» **WHAT YOU NEED TO DO**
Collect all lines below with the string "Pool".

**** RECORDS SUPPLIED

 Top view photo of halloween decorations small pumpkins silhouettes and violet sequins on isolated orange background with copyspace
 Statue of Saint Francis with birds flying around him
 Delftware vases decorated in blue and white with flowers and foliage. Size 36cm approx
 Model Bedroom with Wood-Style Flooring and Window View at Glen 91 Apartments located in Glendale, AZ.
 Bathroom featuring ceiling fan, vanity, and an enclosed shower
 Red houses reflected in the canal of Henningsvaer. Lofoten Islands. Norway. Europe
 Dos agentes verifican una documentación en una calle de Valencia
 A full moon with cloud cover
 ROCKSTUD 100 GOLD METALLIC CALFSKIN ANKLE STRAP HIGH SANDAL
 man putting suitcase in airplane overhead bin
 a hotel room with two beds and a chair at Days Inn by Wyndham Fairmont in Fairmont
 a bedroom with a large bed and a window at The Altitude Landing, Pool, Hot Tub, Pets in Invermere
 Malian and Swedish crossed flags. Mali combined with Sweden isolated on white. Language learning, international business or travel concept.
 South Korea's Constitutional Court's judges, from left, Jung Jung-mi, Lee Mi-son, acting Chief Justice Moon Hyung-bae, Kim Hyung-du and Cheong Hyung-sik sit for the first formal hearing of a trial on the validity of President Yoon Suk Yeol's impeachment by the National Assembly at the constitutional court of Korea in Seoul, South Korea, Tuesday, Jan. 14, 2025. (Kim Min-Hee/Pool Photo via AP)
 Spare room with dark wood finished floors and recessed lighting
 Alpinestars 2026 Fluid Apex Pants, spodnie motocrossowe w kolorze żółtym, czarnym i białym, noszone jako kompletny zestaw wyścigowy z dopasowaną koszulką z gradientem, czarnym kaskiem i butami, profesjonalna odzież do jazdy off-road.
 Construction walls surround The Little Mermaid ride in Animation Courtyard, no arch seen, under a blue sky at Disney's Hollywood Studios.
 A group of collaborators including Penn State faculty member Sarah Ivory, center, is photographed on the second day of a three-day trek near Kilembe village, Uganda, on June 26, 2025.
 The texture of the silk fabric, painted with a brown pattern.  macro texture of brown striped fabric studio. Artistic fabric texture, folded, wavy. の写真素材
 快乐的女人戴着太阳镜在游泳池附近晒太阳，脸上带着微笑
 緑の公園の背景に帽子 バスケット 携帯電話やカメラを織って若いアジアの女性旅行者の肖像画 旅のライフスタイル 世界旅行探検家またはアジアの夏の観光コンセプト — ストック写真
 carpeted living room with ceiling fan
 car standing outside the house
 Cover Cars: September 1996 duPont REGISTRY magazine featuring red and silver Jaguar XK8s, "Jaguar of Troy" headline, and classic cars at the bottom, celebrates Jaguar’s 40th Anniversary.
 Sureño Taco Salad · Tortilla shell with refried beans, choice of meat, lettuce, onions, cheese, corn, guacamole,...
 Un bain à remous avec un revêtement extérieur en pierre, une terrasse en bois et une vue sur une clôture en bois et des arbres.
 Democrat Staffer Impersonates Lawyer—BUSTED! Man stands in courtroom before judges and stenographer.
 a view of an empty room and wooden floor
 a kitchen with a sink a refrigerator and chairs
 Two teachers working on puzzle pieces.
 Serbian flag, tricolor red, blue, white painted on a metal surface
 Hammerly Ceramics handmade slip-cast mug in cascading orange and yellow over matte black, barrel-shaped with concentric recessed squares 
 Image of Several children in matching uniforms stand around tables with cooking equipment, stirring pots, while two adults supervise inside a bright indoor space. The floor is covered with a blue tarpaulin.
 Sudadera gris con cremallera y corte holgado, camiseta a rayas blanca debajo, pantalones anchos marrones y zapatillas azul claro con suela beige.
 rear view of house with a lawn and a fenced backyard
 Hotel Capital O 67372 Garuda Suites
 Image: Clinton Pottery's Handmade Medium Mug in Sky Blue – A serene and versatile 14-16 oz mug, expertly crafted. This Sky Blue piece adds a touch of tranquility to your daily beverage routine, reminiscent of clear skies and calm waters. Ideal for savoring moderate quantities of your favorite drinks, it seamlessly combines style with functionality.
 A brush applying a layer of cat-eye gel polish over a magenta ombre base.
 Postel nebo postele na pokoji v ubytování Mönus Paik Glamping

********

» **EXERCISE ANSWER**
 a bedroom with a large bed and a window at The Altitude Landing, Pool, Hot Tub, Pets in Invermere
 South Korea's Constitutional Court's judges, from left, Jung Jung-mi, Lee Mi-son, acting Chief Justice Moon Hyung-bae, Kim Hyung-du and Cheong Hyung-sik sit for the first formal hearing of a trial on the validity of President Yoon Suk Yeol's impeachment by the National Assembly at the constitutional court of Korea in Seoul, South Korea, Tuesday, Jan. 14, 2025. (Kim Min-Hee/Pool Photo via AP)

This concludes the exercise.